MALANG, VOICEOFJATIM – Fakultas Ilmu Budaya (FIB) Universitas Brawijaya (UB) sukses menggelar perhelatan akbar dunia pendidikan bahasa, The 71st Teaching English as a Foreign Language in Indonesia (TEFLIN) International Conference 2025. Pertemuan yang berlangsung pada 8 hingga 10 Oktober ini dihadiri 630 peserta dari 13 negara dan mengusung tema penting mengenai deep learning serta pemanfaatan Kecerdasan Buatan (AI) dalam pengajaran.
Acara ini semakin strategis dengan kehadiran Menteri Pendidikan Dasar dan Menengah (Mendikdasmen), Abdul Mu’ti. Dalam konferensi itu, Mu’ti menegaskan bahwa penguasaan Bahasa Inggris bukan lagi sekadar pelengkap kurikulum, melainkan fondasi penting bagi masa depan pendidikan Indonesia di tengah era kecerdasan buatan. Untuk itu, pemerintah berencana memperkenalkan pelajaran Bahasa Inggris pada jenjang yang lebih awal mulai tahun 2027.
Mu’ti menjelaskan bahwa kebijakan ini adalah langkah mendasar agar generasi muda mampu bersaing dalam komunikasi global dan literasi digital. “Ini bukan hanya soal menambah mata pelajaran, tapi membangun ekosistem,” ujarnya.
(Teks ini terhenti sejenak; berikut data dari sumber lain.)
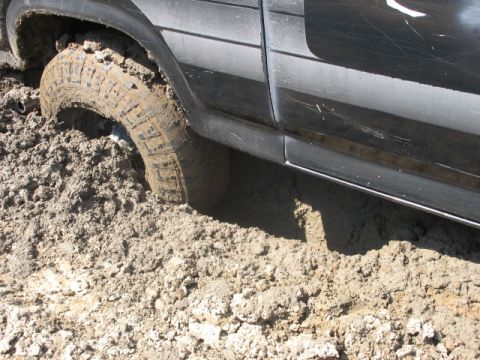1978 Ford Bronco - Vehicle stuck in mud, only side panel and tire visible.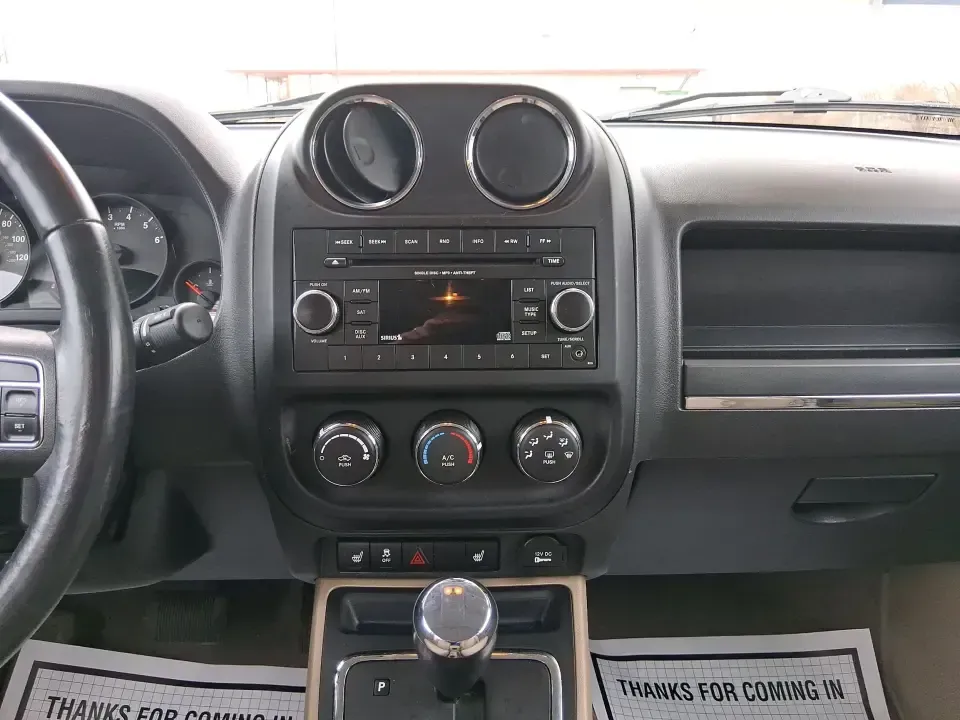 2012 Jeep Patriot Latitude (1C4NJPFB0CD) with an 2.4L L4 DOHC 16V engine, located at 1099 N County Rd 25A , Troy, OH, 45373, (937) 908-9800, 40.057079, -84.212883 - Picture your next weekend: a quick run up I-75 for a family visit, a scenic drive past the Miami River, then an easy loop back through downtown Troy for dinner-without worrying about whether your SUV can keep up with daily life. This 2012 Jeep Patriot Latitude is built for practical adventures and e - Photo#13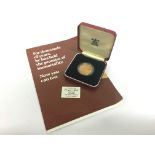 A gold Hong Kong 1987 $1000 coin: Year of the Rabbit in presentation case and original descriptive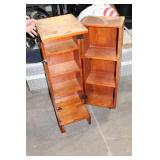 Black Leather Handbag with Intricate Silver Accent & Vintage Wooden Cabinet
Ia menekankan bahwa kunci keberhasilan terletak pada peningkatan kompetensi guru. “Kita butuh lebih banyak guru yang kompeten mengajar bahasa Inggris, bukan hanya dari jurusan pendidikan bahasa Inggris, tapi juga guru bidang lain yang dilatih untuk itu. Mereka adalah kunci sukses kebijakan ini.”
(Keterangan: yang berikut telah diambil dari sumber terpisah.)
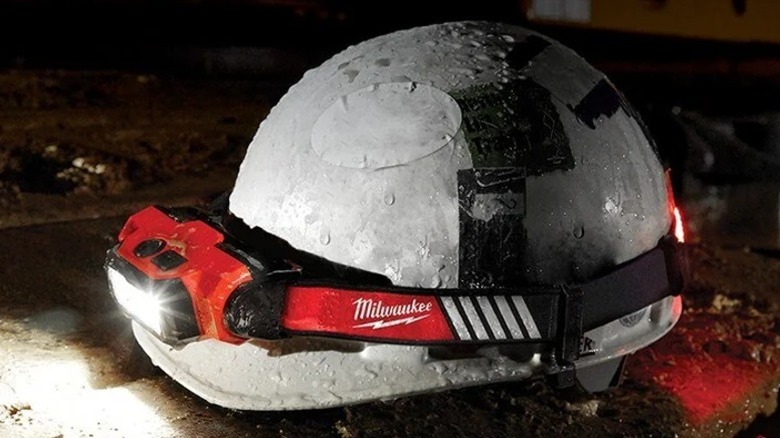 White hard hat on the ground with a Redlithium USB Beacon Hard Hat Light attached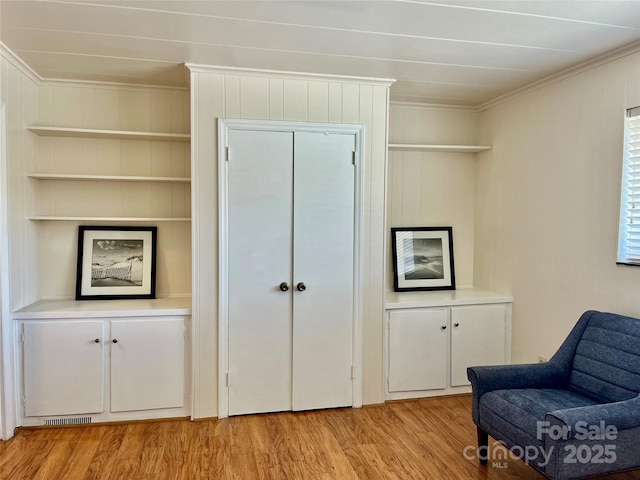 living area featuring light wood finished floors and crown molding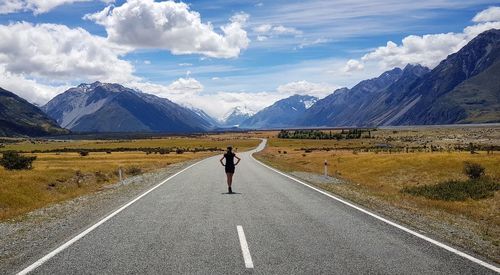 Rear view of woman walking on road against mountain range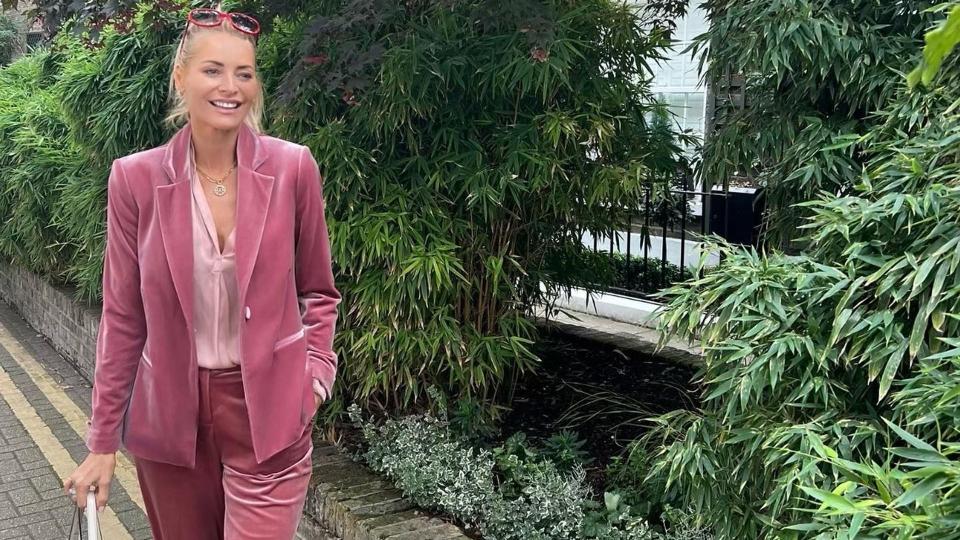 Tess in a pink velvet suit against trees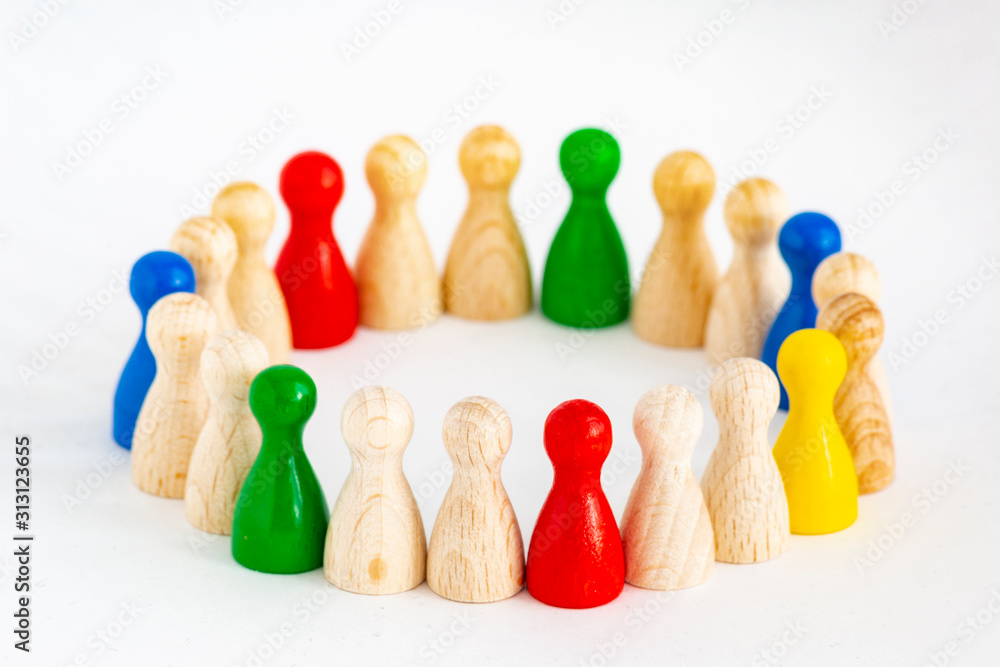 Playful Concepts: group of game figurines in a circle standing for the concepts unity, integration, diversity, cooperation Playful Concepts: group of game figurines in a circle standing for the concepts unity, integration, diversity, cooperation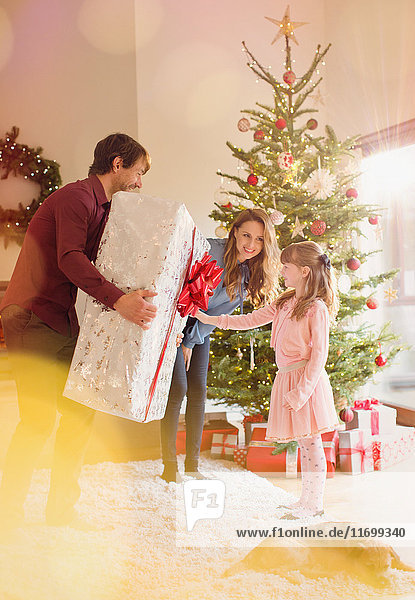 Eltern schenken ihrer Tochter ein großes Weihnachtsgeschenk im Wohnzimmer neben dem Weihnachtsbaum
Ketua panitia pelaksana, Zuliati Rohmah, menjelaskan tema konferensi dipilih karena sangat relevan dengan arahan pemerintah yang menekankan pentingnya pembelajaran bermakna di era digital. “Tema yang kita ambil memang sedang hangat dan berkaitan dengan kebijakan kementerian, yaitu pembelajaran mendalam. Kami kaitkan juga dengan penggunaan AI tentang apa manfaatnya, tantangannya, dan bagaimana guru menyikapinya di lapangan,” kata Zuliati. Menurutnya, teknologi AI harus menjadi alat bantu yang justru memperkuat kemampuan berpikir kritis dan inovatif, bukan malah menyingkirkan peran tersebut.
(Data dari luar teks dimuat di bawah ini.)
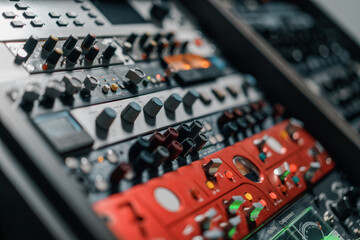 old displays of professional analog vu meters in a recording studio measuring and showing decibels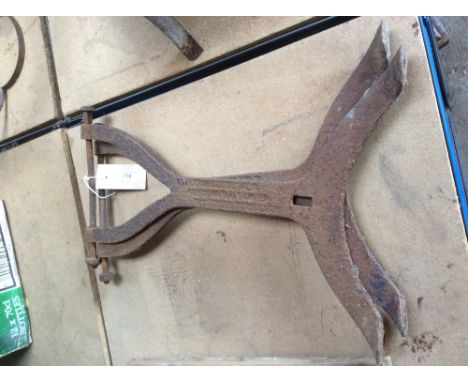 A pair of cast iron bench ends 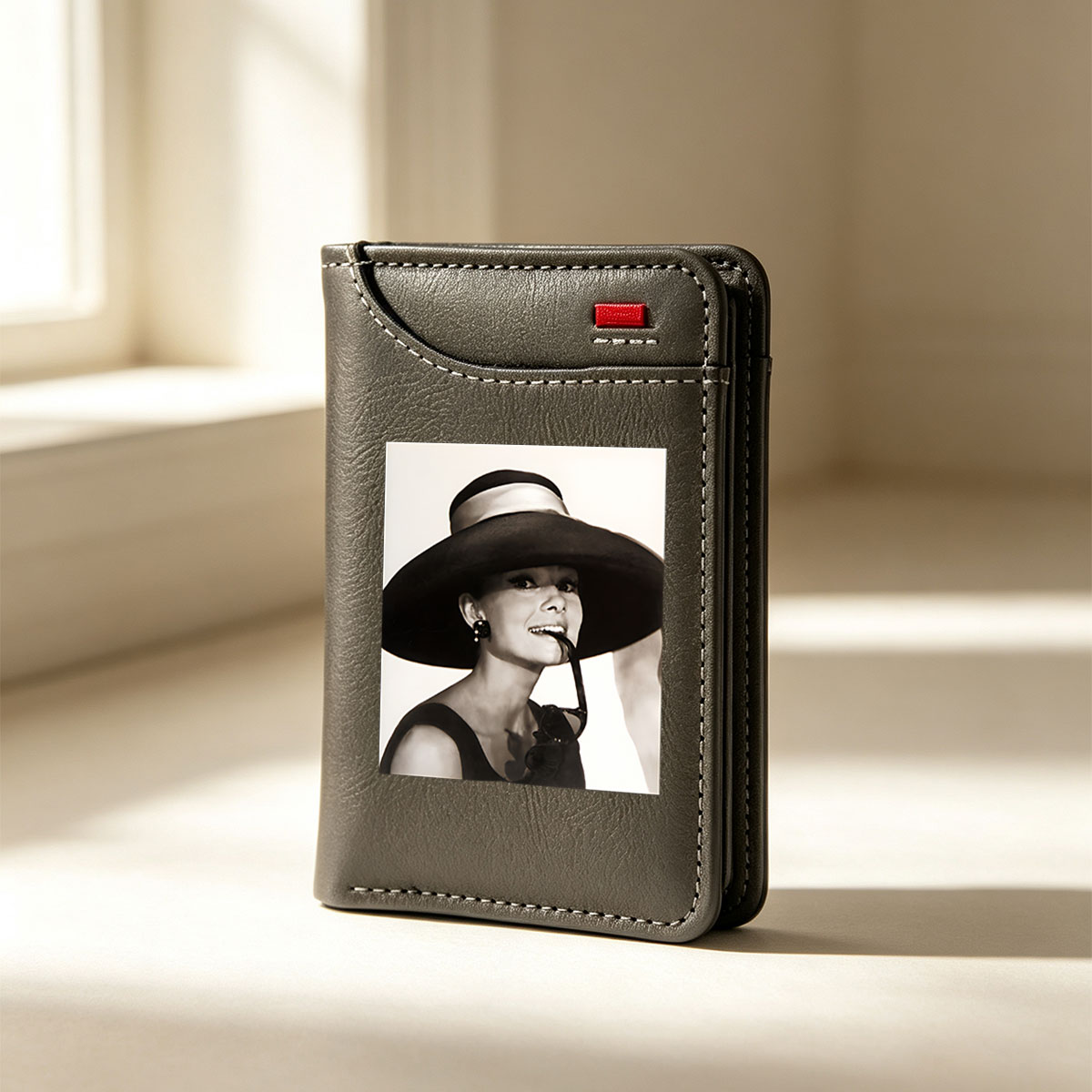 Audrey Hepburn in a wide-brimmed hat and sunglasses, exuding elegance and charm. - Vertical Style Wallet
Mu’ti menambahkan, masa depan pendidikan menuntut keseimbangan antara deep learning dan mindful learning. Meskipun AI adalah alat yang revolusioner, jiwa pembelajaran tetap berada di tangan pendidik. Ia mengingatkan, “Guru tak bisa lagi sekadar mengajar materi. Ia harus memantik rasa ingin tahu, menuntun siswa berpikir mendalam, dan mengelola teknologi dengan cerdas agar tetap bermakna dan menyenangkan.” Pemerintah pun telah mulai menerapkan program berbasis AI di sejumlah sekolah, dan guru bahasa Inggris didorong untuk memadukan teknologi dengan pembelajaran berbasis nalar kritis. Ia tegas menyatakan, “AI bisa menganalisis data, tapi hanya manusia yang mampu menumbuhkan empati dan makna. Itulah yang membedakan pendidikan sejati dari sekadar transfer pengetahuan.”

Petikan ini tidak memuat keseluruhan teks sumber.